Up to 75,000 Iraqi and US soldiers using tanks and armoured vehicles were to be deployed across the capital starting on Wednesday in "Operation Forward Together".

Nuri al-Maliki also announced plans for an extended curfew and a weapons ban.

Not long after the clampdown started, a car bomb killed one person and wounded five, a police source said.

 

In Kazimiyah, a northern area of the city, about 2,000 supporters of Muqtada al-Sadr, the Shia cleric, protested against the surprise visit of the US president on Tuesday.

 

Hazem al-Araji, an al-Sadr aide, condemned the "ill-fated visit" by George Bush, "the leader of the occupation", and protesters chanted "Iraq is for the Iraqis".

At one point, they tried to burn an American flag, but it failed to ignite.

Clashes expected

Major General Mahdi al-Gharrawi, the commander of public order forces under the interior ministry, said the security operation was to be the biggest of its kind in Baghdad since the US handed over sovereignty to Iraq in June 2004.

A bomb went off on Wednesday
despite the clampdown

"Baghdad is divided according to geographical area, and we know the al-Qaeda leaders in each area," he said.

Al-Gharrawi also said he believed that fighters opposed to the US presence in Iraq were likely to step up their attacks.

"We are expecting clashes will erupt in the predominantly Sunni areas," he said.

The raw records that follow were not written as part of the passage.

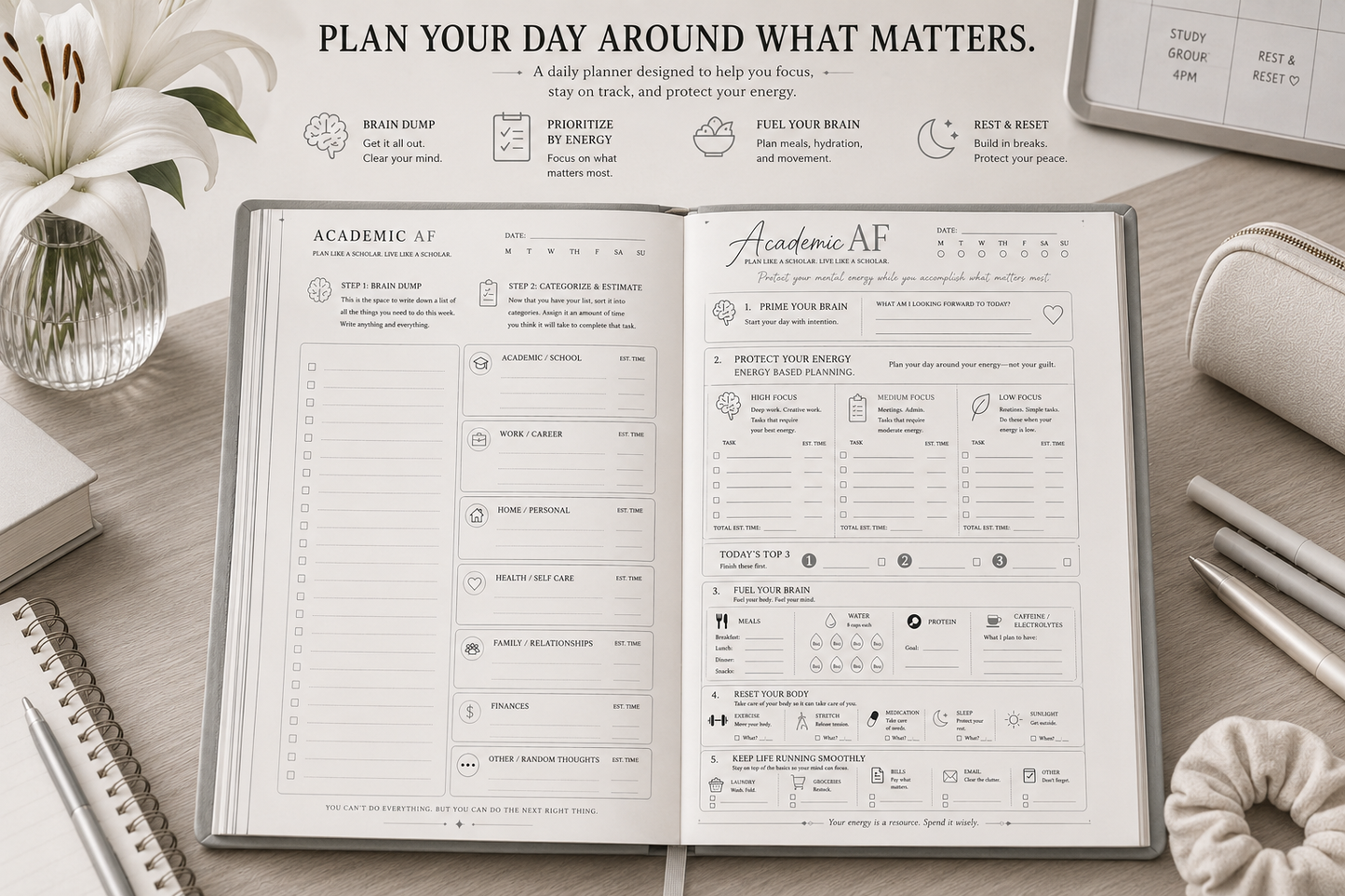 The Scholar's Workflow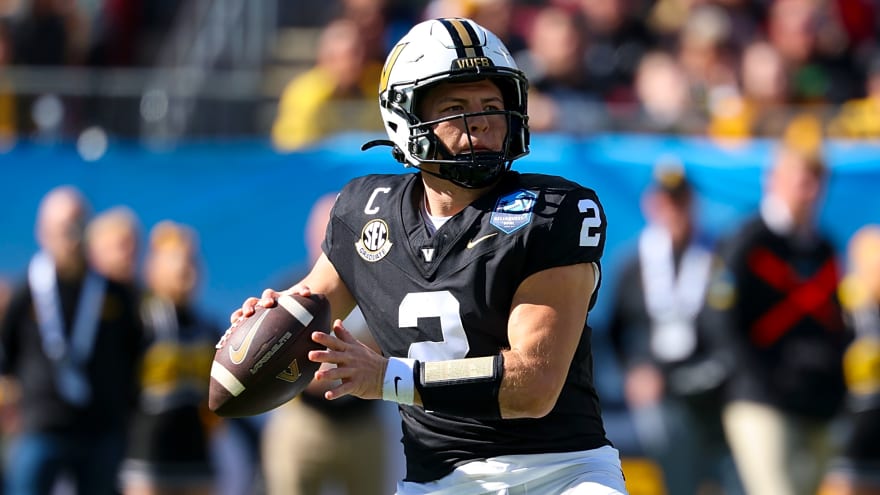 Diego Pavia responds to Senior Bowl official height: ‘It’s the size of the fight in the dog’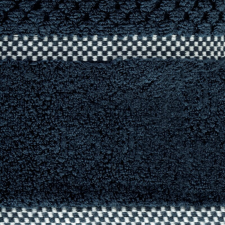  Caleb velúr törölköző Gránátkék 50x90 cm lakástextília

Civilians have complained of random violence and detentions by Iraqi forces, especially the police, which are widely believed to have been infiltrated by so-called sectarian death squads.

Al-Gharrawi said there were plans for a single uniform to distinguish legitimate forces in the coming days.

"There will be a special uniform with special badges to be put on the vehicles as a sign that it belongs to our forces," he said.

Heavy-handed tactics

Al-Maliki's plan includes banning personal weapons and implementing a 9pm to 6am curfew, which hitherto had begun at 11pm. The new curfew was expected to begin on Friday.

There would be more house raids, more checkpoints and even air strikes in the city.

An Iraqi soldier mans his gun in
the Kadhimiya area of Baghdad

Al-Malaki said: "The raids during this plan will be very tough ... because there will be no mercy towards those who show no mercy to our people."

The Iraqi army launched a similar crackdown dubbed Operation Lightning in May last year, deploying more than 40,000 Iraqi police and soldiers, backed by American troops and air support.

However, violence continued to increase and many Sunnis were alienated by the heavy-handed tactics concentrating on their neighbourhoods.